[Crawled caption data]
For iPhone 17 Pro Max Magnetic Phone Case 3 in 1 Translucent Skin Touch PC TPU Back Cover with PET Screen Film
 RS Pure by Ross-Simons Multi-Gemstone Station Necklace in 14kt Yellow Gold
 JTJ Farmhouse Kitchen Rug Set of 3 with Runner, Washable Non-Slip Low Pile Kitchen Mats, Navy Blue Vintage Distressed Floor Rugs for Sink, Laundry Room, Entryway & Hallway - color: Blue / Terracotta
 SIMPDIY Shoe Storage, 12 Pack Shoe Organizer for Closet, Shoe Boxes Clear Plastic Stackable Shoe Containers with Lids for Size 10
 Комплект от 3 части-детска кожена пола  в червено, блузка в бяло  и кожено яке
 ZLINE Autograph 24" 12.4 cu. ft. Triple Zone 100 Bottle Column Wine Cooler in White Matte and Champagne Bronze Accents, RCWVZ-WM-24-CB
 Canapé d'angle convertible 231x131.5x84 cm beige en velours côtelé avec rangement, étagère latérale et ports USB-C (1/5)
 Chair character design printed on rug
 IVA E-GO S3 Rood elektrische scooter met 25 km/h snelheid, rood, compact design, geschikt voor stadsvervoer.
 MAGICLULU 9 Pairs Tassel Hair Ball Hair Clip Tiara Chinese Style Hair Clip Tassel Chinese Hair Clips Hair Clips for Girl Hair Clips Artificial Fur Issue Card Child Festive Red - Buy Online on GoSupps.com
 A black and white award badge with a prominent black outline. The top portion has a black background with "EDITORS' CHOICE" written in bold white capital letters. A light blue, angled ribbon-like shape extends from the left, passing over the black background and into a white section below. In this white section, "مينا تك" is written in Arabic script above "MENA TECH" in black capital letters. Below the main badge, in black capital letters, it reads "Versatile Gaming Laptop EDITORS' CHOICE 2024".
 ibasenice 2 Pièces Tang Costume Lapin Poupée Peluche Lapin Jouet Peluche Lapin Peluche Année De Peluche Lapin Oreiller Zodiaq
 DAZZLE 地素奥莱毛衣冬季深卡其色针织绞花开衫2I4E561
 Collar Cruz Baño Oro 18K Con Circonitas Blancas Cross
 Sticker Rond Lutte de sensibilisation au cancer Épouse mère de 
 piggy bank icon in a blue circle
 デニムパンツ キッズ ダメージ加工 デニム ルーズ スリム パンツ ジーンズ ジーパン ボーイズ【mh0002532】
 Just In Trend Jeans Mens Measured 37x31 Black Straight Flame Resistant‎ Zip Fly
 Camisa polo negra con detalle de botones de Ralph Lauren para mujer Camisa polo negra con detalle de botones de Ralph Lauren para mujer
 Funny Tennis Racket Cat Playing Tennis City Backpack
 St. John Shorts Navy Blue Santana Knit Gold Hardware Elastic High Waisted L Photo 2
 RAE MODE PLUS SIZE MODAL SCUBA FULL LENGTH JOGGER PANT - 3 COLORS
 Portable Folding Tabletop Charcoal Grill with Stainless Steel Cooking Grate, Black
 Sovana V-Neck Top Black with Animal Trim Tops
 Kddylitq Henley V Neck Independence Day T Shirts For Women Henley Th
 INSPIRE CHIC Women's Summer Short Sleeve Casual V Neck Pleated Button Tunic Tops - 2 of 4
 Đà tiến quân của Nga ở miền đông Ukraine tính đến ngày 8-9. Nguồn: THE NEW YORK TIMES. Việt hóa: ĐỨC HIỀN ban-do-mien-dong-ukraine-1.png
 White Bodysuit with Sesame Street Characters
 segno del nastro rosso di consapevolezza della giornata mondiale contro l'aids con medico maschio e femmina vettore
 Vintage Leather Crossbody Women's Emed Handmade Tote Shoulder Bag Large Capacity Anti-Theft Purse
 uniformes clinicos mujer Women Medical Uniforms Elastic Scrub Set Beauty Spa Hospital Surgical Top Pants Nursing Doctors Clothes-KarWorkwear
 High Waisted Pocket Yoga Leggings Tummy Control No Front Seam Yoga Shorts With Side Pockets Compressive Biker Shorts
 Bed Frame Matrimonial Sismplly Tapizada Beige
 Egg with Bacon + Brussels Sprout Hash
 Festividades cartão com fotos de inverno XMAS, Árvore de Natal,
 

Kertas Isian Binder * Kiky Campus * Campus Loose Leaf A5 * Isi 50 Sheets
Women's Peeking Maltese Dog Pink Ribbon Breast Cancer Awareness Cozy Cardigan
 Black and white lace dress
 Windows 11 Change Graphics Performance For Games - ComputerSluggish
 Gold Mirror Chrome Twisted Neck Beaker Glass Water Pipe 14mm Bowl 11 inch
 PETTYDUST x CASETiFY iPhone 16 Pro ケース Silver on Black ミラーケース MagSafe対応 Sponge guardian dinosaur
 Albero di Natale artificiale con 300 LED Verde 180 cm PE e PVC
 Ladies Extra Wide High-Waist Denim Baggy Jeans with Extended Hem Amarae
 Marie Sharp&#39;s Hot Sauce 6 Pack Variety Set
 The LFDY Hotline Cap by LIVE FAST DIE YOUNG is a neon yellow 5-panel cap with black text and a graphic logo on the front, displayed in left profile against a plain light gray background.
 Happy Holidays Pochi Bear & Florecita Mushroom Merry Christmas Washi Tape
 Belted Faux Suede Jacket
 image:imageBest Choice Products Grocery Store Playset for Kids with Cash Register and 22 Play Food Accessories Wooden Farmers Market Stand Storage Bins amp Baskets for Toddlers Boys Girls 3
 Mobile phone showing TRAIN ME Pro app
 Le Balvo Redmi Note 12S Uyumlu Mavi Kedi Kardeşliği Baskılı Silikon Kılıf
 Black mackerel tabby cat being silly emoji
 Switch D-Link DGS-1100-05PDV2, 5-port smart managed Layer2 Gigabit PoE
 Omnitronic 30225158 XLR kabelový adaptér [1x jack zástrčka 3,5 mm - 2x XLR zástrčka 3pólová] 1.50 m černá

**Activity**
Your task is to reproduce the entries exactly, starting at the first line and ending with the line containing "SIMPDIY Shoe Storage, 12".

**Problem solution**
For iPhone 17 Pro Max Magnetic Phone Case 3 in 1 Translucent Skin Touch PC TPU Back Cover with PET Screen Film
 RS Pure by Ross-Simons Multi-Gemstone Station Necklace in 14kt Yellow Gold
 JTJ Farmhouse Kitchen Rug Set of 3 with Runner, Washable Non-Slip Low Pile Kitchen Mats, Navy Blue Vintage Distressed Floor Rugs for Sink, Laundry Room, Entryway & Hallway - color: Blue / Terracotta
 SIMPDIY Shoe Storage, 12 Pack Shoe Organizer for Closet, Shoe Boxes Clear Plastic Stackable Shoe Containers with Lids for Size 10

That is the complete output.